Starting with the line that holds "VINHO FRANCÊS PRA" and stopping after the line that holds "Industrial Land Parcel", repeat the lines below word for word, without the pictures.

_Data_
·····

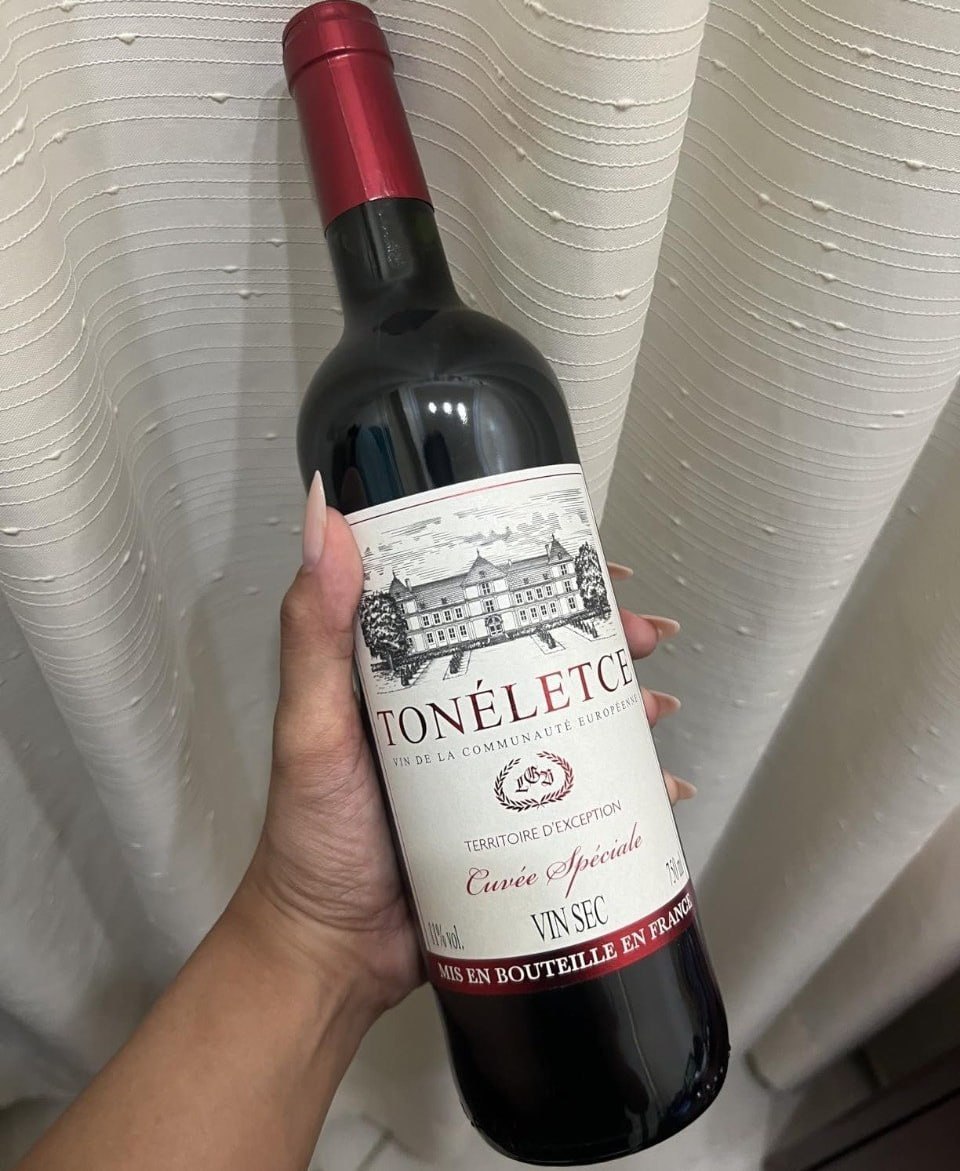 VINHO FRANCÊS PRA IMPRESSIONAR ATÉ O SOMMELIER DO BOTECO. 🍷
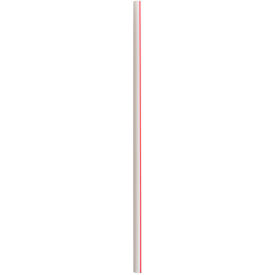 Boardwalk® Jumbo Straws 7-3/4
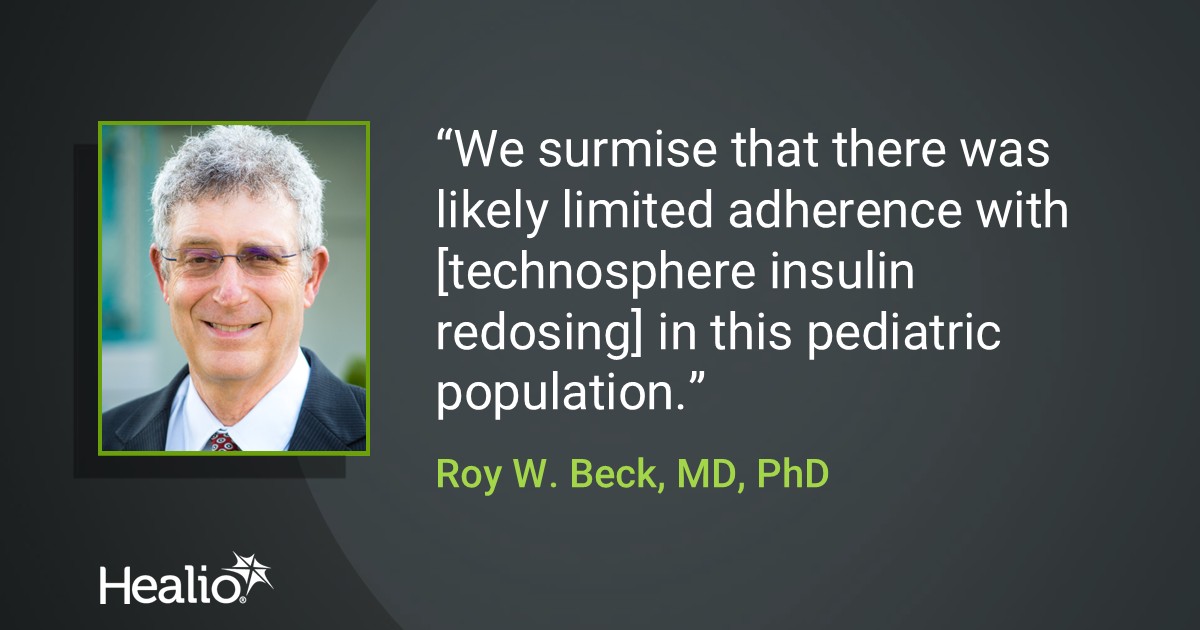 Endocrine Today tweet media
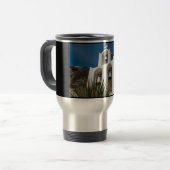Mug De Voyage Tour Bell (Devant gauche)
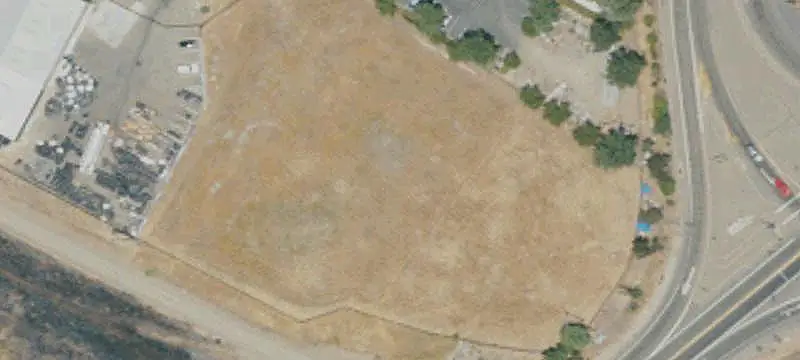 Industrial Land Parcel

·····

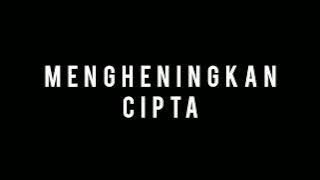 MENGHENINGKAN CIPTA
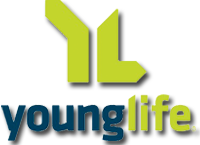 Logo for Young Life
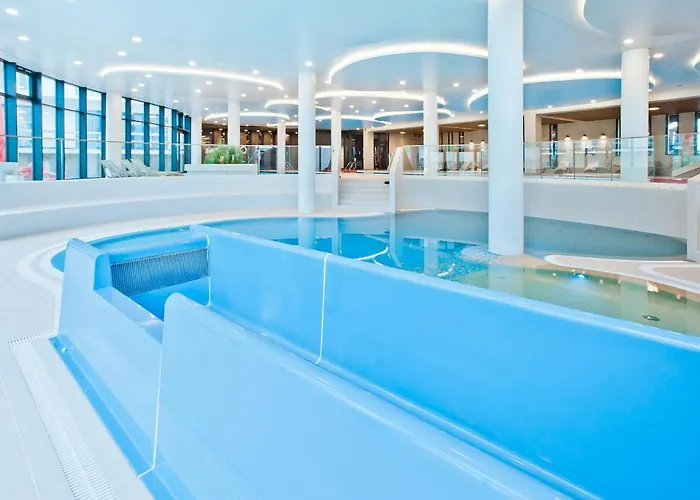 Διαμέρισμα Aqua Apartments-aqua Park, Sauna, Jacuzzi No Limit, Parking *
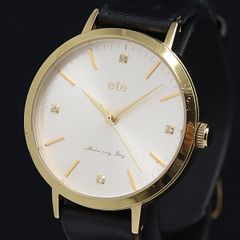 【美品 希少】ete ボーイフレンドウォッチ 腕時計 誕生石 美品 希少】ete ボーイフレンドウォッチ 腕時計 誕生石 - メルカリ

·····

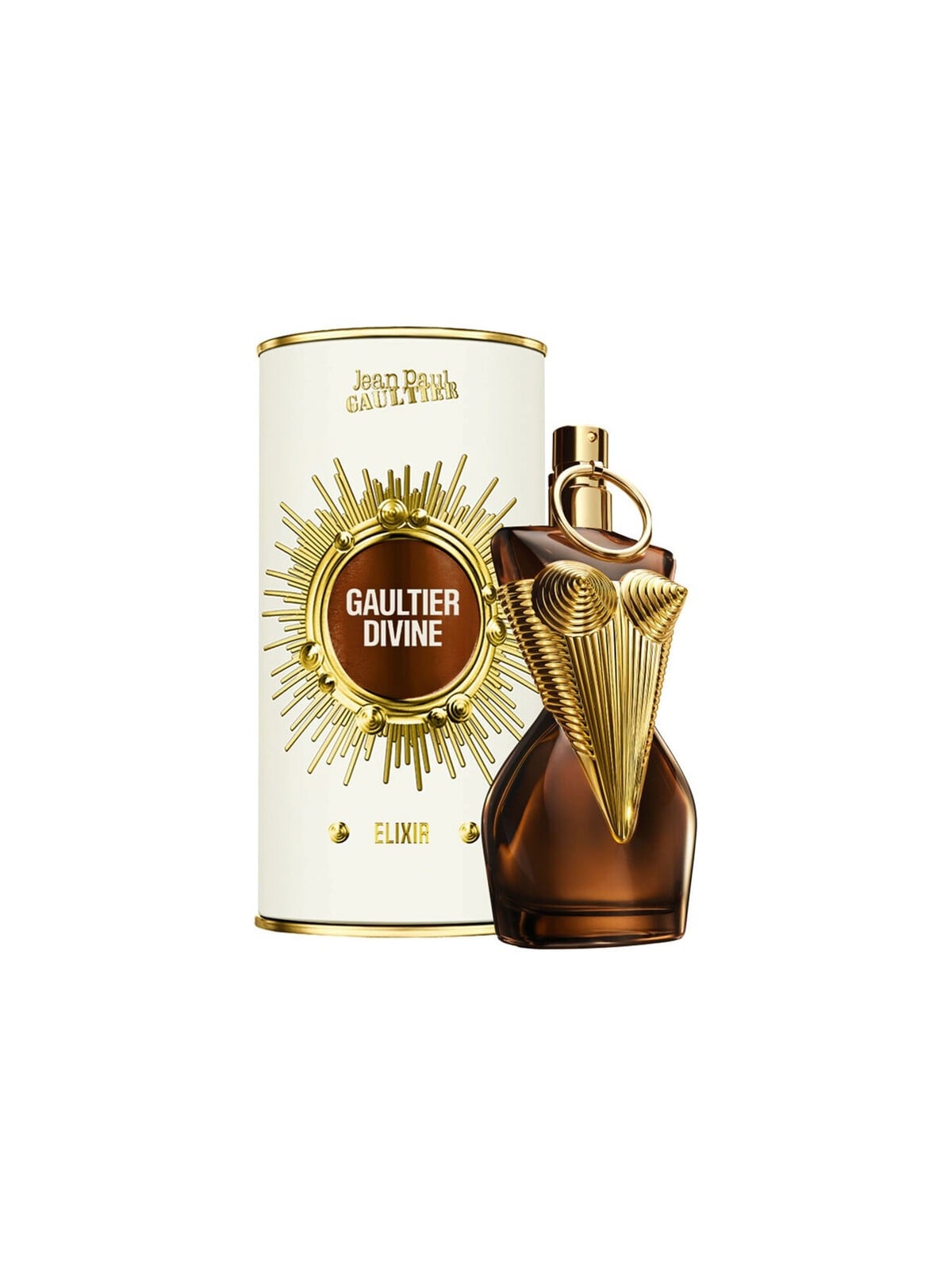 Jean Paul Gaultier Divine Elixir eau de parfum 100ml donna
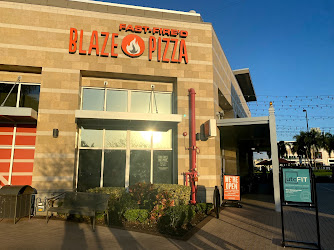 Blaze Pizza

·····

_Exercise solution_
 VINHO FRANCÊS PRA IMPRESSIONAR ATÉ O SOMMELIER DO BOTECO. 🍷
 Boardwalk® Jumbo Straws 7-3/4
 Endocrine Today tweet media
Mug De Voyage Tour Bell (Devant gauche)
 Industrial Land Parcel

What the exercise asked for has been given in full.